A non-profit organization called the Canadian Association for the Advancement of Women and Sport and Physical Activity (CAAWS), assembled a list of recommendations to address these obstacles. Through a grant from Immigration Refugee and Citizenship Canada (IRCC) they were able to provide funding for 20 community organizations across Canada to tailor programs for newcomer women. Practically every Canadian province, except for Newfoundland and Labrador, had at least one community partner with CAAWs. Their funding began in 2018 and will end in June 2020.

The Prince Edward Island Association of Newcomers to Canada went from offering an average of one activity per month to about three per week with the help of CAAWS. The organizers are now in discussions with how they are going to continue after the funding ends this summer.

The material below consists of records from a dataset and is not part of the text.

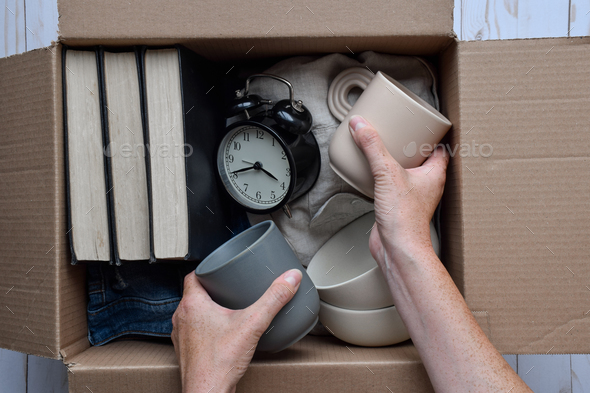 Person\'s hands placing used personal belongings items into cardboard box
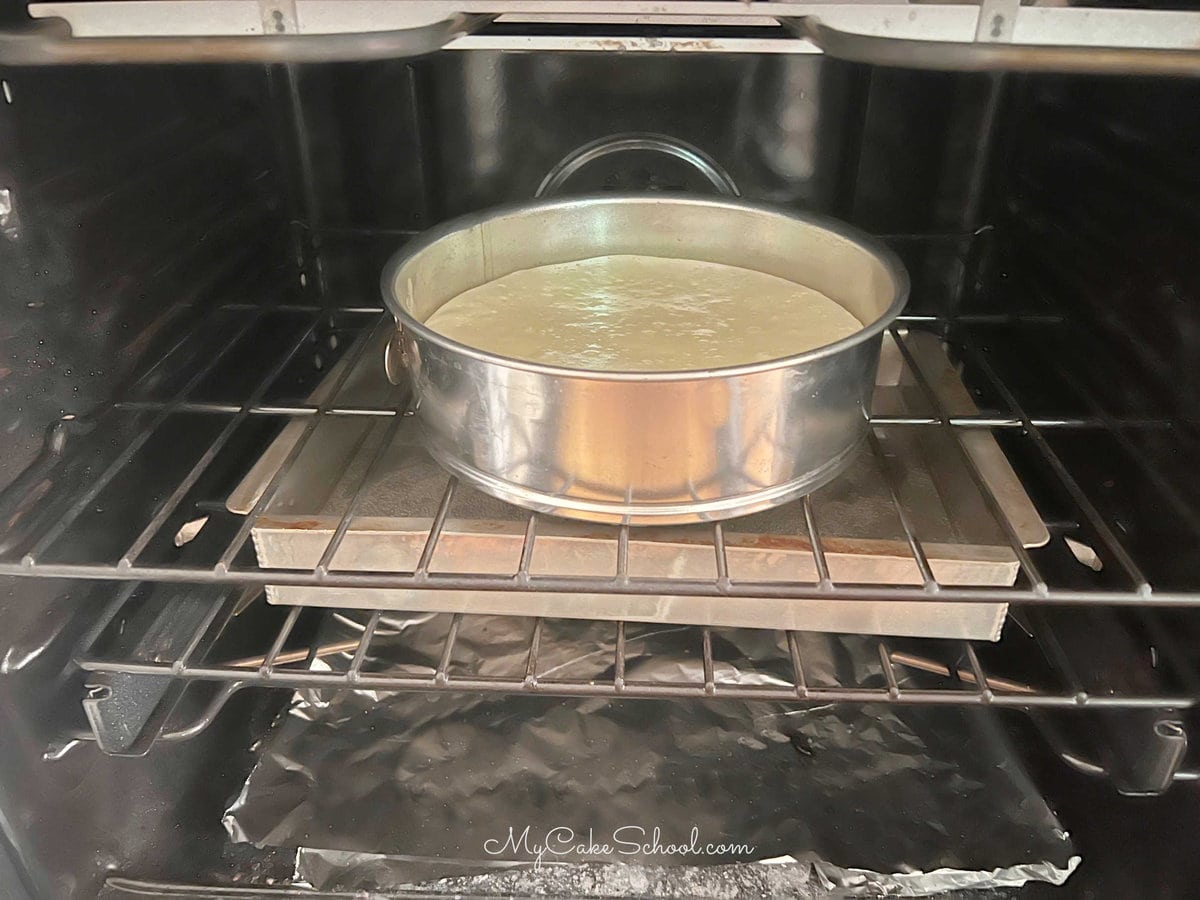 Cheesecake baking over a sheet cake pan partially filled with water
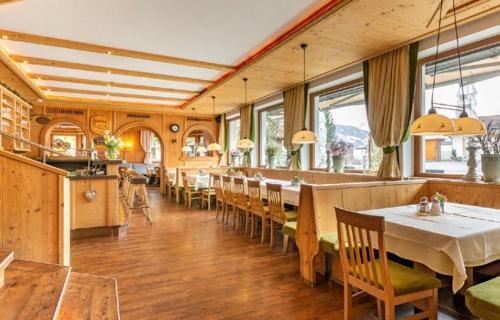 a dining room with tables and chairs and windows at Restaurant Gästehaus Wiesenheim in Uderns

“It does not mean women in sports [activities] are going to stop, but it means we can’t do it as frequently in the same way we were doing it,” said Nancy Clement, the organization’s community engagement manager.

Since the grant started in 2018, the Charlottetown-based settlement organization was able to create partnerships with other local organizations and venues. They would offer swimming lessons taught by female instructors with female lifeguards. Instructions were also mostly held in English, and Clement said many women preferred that as a low-pressure way to practice their language skills. However, they would still offer interpreters who could answer their questions.

The Immigrant Services Association of Nova Scotia (ISANS) in Halifax has also been able to strengthen its programming through funding, and provide spaced childcare during the popular women-only swimming lessons, as part of many other activities, including track and field and hiking.

In cases where ISANS does not offer an activity that a newcomer requests, they will refer them to other local organizations such as the YMCA.

In Yellowknife, North West Territories, an organization called Sports North was able to cater to the needs of newcomer women in a number of ways. They channelled funding to organizations across the territory, such as Aurora College, where they were able to teach women how to use gym equipment, among other skills.

“We continue to encourage our member territorial sport organizations to see a newcomer as a target population for when they’re promoting their respective sports,” said Spider Jones, a representative with Sports North.

Through the funding period these organizations were able to focus on implementing and developing programs that would benefit newcomer women and girls, a group that is only going to keep growing as Canada accepts more immigrants every year.